Lewis is an award-winning SF/F writer and editor, and serves as a founding creator, Art Director, and Project Manager for the World Fantasy Award-winning and Hugo Award-nominated FIYAH Literary Magazine. She primarily writes stories of ordinary Black women and femmes with extraordinary powers in equally extraordinary worlds.

Coming off the success of helming FIYAHCON last month, L.D. will be acting as the project manager for all of the exciting year-round events associated with the Nebula Conference. We hope you join us in welcoming L.D. aboard.

With smaller events leading up to our main conference, the team is working on elevating our content and offerings again this year, and celebrating the best that science fiction and fantasy have to offer with our annual Nebula Awards ceremony.

So, please join us for another weekend full of professional development, workshops, and opportunities to network in one of the coolest virtual spaces there is. There will be more dance parties, karaoke, and social meet-ups around special interests.

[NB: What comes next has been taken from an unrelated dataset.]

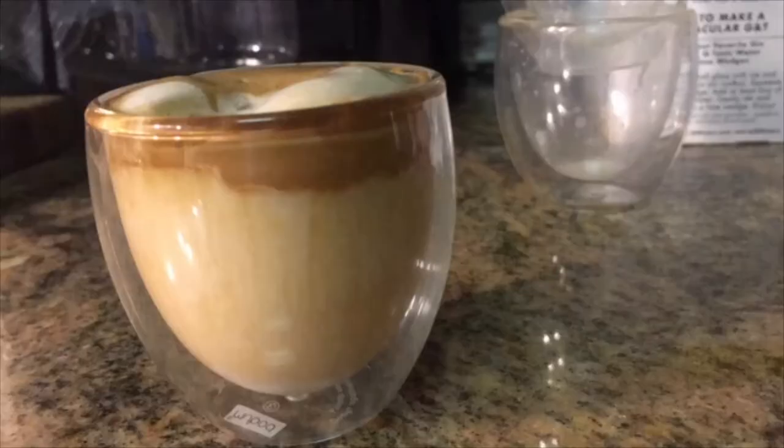Oh no, it's gonna be lighter in color. Look at that — now it forms like a meringue, like a stiff peak. You should be able to hold this tiny cup upside down and it won't move.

We’ll also be bringing back our conference-specific mentorship program and office hours.

(5) ABOUT THE SFF COMMUNITY. Cat Rambo considers how to advance the democratization of sff, particularly the programming of conventions, in “Moving Beyond Diversity: A Conversation We Need To Have In SFF” at Strange Horizons.

…Diversity is about getting the most differently informed points of view on a panel because that is a valuable thing. Because it means we all get a chance to learn new and interesting aspects to a topic.  And sometimes it is about making sure that the voices that have not been able to contribute in the past for one reason or another get a chance to take part in the conversation by reaching out to them.

We need to rethink the ways we create [convention] programming. Consider this art form, the quilt. A practical item made beautiful, and often a way to use up excess fabric or recycled rags. One variant is the “crazy quilt,” which uses up odds and ends in irregularly shaped patches, sometimes with embroidered details. Crazy quilts can be beautiful, but not by nature. When they are it is the result of serendipitous accident or the creation of someone experienced and talented at putting those scraps together. Programming should not be a crazy quilt made up of the varied scraps of material different participants pull out of their pockets.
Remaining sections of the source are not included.